Google and Company Block and Censor, the ISPs, Not So Much

by Mike Wendy on August 22, 2017

Isn’t it odd that the very companies which championed “free speech” via Net Neutrality – you know, Google, Facebook, Twitter and other Silicon Valley oligarchs – are now knee deep in expunging their properties (and users) of speech they don’t approve of in light of recent events in Charlottesville, etc?

This on top of last year’s fake news hysteria, which had the Valley working to curate “better” news choices for users; efforts to end online “hate” and bullying; and establishment of Orwellian “trust and safety councils,” among other work, from some of the aforementioned companies to prune “undesirable voices” (many of whom were conservatives) from their virtual real estate.
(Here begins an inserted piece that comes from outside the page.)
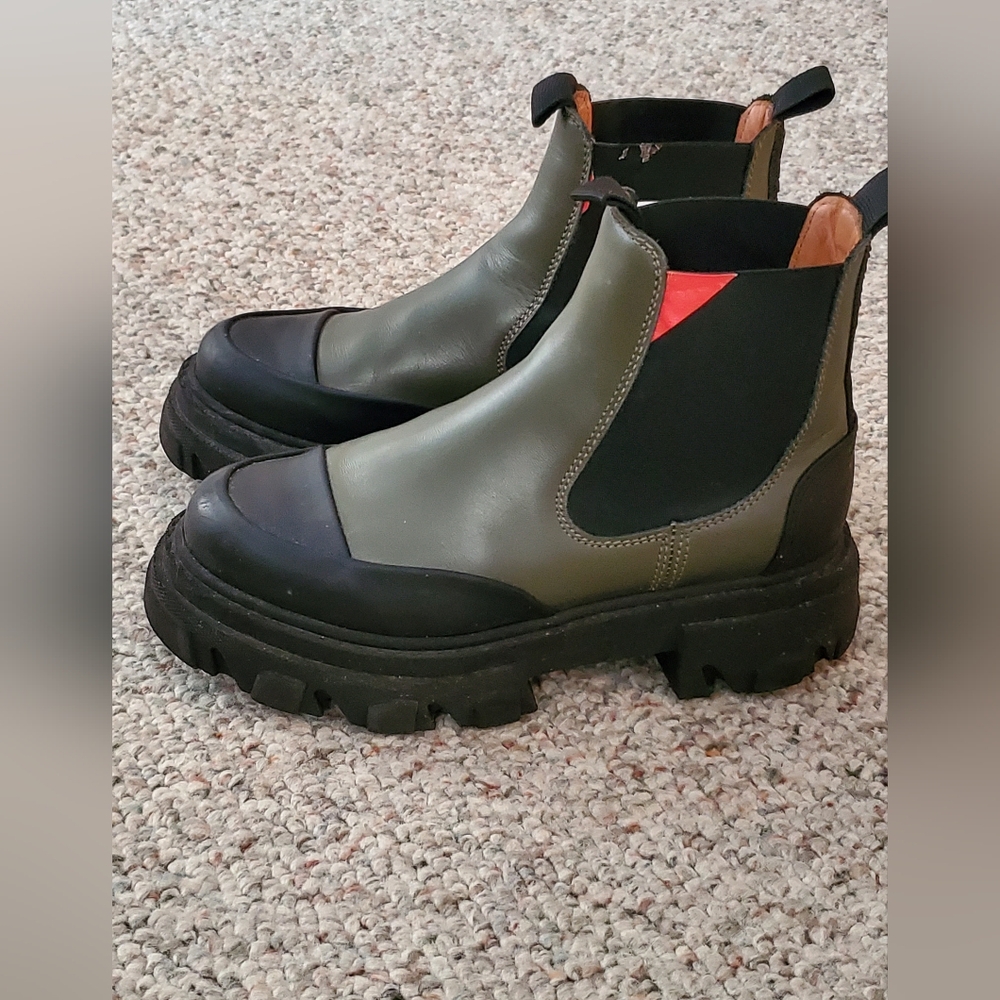 Ganni Leather Chelsea Boots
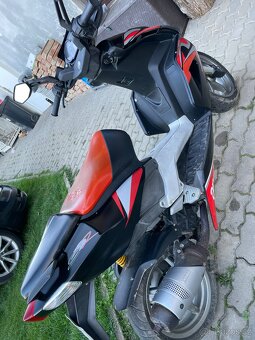 Aprilia SR 50 - 5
Their actions say they own the issue, and they’re working in overdrive to make their brand better, safer, or something.

For whom?

For their shareholders. Not free speech.

I’m alright with this, however. That is their wont, legal and otherwise.

But, they can keep their free speech preaching, especially as it pertains to Net Neutrality – a law they wrote with President Obama and his FCC designed to stop the “evil” ISPs from…

…blocking free speech.

Google et al are now using a piece of the law – the ’96 Telecom Act’s Section 230 – to extricate the “hateful” weeds from their platforms, blocking speech that doesn’t suit their brand image. The weird thing here is that ISPs, too, can avail themselves of that same piece of the law to block harassing or otherwise objectionable speech if they want to…

…but have chosen not to. All speech may traffic across their networks, unlike those of “free speech” Silicon Valley.

Anyway, this latest Silicon Valley hypocrisy seems to be the straw breaking the camel’s back. There are growing calls by some in the tech community, even right-leaning libertarians, that perhaps companies like Google, Facebook and others have too much power to regulate our speech, commerce and privacy, and thus must somehow be brought to heal.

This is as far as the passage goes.